Malone’s reputation as a defense-minded coach played into his firing. At the time, owner Vivek Ranadivé used musical metaphors to describe what he was looking for in his next head coach.

“We had a Sousa marching band, which was needed when there was chaos, but now we need to shift to a jazz band, where people can be individually showcased and improvised,” Ranadivé said. “What we need is a jazz director.”

Malone is back in Sacramento Thursday night as the head coach of the Denver Nuggets and he’s looking for his first win against his former club in his fifth opportunity. He also heads a group that leads the Kings by a game and a half in the standings and boasts the NBA’s fourth highest scoring average at 110.6 points per game. 

“I can’t remember all the things that were said when I was fired, because there was so much being said,” Malone stated. “But I know one of the things that was being said was ‘style of play.’ There were people that were not in my corner that used that as a way to get me fired. Now we’re one of the highest scoring teams in NBA.”

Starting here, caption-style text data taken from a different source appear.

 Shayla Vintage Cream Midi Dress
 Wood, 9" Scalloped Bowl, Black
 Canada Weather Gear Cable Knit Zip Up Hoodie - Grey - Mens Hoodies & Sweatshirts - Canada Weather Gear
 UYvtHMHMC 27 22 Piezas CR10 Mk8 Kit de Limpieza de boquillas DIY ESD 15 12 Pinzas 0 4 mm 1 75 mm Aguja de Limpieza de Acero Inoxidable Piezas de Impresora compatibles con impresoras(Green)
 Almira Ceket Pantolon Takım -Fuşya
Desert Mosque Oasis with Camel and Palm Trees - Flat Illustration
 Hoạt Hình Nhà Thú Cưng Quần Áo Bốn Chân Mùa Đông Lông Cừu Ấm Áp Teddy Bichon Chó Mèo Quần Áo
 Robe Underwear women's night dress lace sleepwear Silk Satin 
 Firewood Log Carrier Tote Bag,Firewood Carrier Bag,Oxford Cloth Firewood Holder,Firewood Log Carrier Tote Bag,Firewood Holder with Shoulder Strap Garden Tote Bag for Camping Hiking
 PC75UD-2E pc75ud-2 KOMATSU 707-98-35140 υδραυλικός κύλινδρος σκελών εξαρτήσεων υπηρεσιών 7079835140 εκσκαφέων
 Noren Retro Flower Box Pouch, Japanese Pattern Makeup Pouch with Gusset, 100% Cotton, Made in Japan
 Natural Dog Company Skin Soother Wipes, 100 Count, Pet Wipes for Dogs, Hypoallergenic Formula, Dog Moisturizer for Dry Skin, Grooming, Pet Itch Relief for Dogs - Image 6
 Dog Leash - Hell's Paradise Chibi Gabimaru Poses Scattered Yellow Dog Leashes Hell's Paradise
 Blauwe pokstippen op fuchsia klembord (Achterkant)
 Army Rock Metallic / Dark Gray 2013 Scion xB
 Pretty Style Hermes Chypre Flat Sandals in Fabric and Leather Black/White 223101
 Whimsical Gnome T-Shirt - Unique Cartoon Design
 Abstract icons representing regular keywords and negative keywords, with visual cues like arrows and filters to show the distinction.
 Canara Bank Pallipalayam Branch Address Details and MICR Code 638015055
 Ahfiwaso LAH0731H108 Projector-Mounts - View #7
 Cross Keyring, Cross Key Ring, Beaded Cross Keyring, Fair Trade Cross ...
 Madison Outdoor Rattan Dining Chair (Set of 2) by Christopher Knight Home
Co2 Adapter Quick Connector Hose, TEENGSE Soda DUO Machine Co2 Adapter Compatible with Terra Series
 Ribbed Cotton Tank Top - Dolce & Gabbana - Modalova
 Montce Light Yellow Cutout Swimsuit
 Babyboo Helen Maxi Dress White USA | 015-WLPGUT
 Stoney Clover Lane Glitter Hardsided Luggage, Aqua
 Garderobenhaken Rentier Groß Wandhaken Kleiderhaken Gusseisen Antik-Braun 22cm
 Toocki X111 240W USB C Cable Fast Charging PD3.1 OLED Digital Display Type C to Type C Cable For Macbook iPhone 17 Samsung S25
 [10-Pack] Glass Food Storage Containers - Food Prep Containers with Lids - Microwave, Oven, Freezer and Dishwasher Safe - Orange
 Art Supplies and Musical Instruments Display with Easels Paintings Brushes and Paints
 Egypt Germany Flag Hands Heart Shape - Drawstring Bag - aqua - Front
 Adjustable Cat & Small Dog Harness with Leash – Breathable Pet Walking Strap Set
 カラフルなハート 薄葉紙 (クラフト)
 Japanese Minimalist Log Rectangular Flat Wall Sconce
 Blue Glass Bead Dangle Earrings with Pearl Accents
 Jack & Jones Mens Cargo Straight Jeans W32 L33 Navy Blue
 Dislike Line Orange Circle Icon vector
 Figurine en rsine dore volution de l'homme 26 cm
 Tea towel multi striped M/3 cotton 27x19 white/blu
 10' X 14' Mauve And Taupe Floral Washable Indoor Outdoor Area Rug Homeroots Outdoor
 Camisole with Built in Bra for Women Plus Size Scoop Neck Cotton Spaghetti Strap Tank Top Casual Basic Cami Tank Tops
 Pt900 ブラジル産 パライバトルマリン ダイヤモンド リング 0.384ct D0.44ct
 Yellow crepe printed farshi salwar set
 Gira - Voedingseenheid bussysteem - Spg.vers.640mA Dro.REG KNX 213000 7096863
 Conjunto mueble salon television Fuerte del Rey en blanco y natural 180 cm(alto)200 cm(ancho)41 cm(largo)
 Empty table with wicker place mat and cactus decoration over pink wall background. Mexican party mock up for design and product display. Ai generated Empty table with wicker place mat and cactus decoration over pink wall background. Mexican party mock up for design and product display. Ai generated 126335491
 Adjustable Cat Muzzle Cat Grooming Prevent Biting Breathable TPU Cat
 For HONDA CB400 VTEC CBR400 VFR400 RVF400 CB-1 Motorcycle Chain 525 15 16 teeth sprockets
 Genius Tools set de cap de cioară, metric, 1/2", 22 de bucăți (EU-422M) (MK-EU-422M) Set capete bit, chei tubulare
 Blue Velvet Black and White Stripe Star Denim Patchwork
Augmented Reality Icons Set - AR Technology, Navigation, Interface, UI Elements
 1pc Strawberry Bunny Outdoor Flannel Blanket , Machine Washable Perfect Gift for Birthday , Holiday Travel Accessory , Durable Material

“I look at you people, you were wrong,” a smiling Malone added while looking directly into a news camera. 

Known for his ability to connect to Cousins, Malone was as shocked as anyone to hear that the Kings traded the talented 26-year-old. The two have remained close, despite no longer working together.

“That was definitely a surprise over All-Star break,” Malone said. “Surprise for me, even a bigger surprise for him from what I understand.”

Malone has very little time to worry about his former player. He has to prepare his Nuggets team for a new-look Kings roster that has played a gritty, hard-nosed style all season long. With 26 games remaining, his team sits in the No. 8 seed in the Western Conference playoff chase and they face a team that is backed into a cormer.

“They have a chip on their shoulder,” Malone said. “You make a big trade like that and I’m sure the players in that locker room are going to say, ‘Everybody’s writing us off because we don’t have DeMarcus.’ They’re going to come out and try and prove everybody wrong. They beat Boston, a very good team, without DeMarcus, and I’m sure that’s the model they’re going to try to use moving forward.”

A straight shooter through and through, Malone spoke on a variety of topics before heading out to the floor to prep his team for the 7:30 start at Golden 1 Center. 

“I just want to get a win, period,” Malone said. “The grudge is gone, this is part of the business. I knew the rules when I signed up, I really did.”

Malone understood the reality of taking over a fledgling franchise under new ownership and management when he took the Kings job. Sacramento gave him his first head coaching opportunity in the league, which he is grateful for, but his departure was anything but clean. The grudge might be gone, but those who covered Malone during his time with the Kings know full-well that playing this franchise will always be personal.